### EXERCISE DIRECTIONS
Beginning with the line that has "Mildred the Sheep", reproduce each remaining line of the data exactly, down to and including the last.

▬▬▬

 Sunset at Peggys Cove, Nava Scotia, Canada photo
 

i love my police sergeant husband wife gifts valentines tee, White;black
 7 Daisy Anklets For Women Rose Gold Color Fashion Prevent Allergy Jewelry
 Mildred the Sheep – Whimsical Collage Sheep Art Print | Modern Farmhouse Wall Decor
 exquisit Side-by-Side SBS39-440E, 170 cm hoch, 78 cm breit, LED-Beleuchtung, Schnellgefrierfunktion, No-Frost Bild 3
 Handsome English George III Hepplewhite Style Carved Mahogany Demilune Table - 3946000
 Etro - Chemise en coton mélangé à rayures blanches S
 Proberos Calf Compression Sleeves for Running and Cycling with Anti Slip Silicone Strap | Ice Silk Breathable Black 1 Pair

▬▬▬

### ANSWER TO THE EXERCISE
 Mildred the Sheep – Whimsical Collage Sheep Art Print | Modern Farmhouse Wall Decor
 exquisit Side-by-Side SBS39-440E, 170 cm hoch, 78 cm breit, LED-Beleuchtung, Schnellgefrierfunktion, No-Frost Bild 3
 Handsome English George III Hepplewhite Style Carved Mahogany Demilune Table - 3946000
 Etro - Chemise en coton mélangé à rayures blanches S
 Proberos Calf Compression Sleeves for Running and Cycling with Anti Slip Silicone Strap | Ice Silk Breathable Black 1 Pair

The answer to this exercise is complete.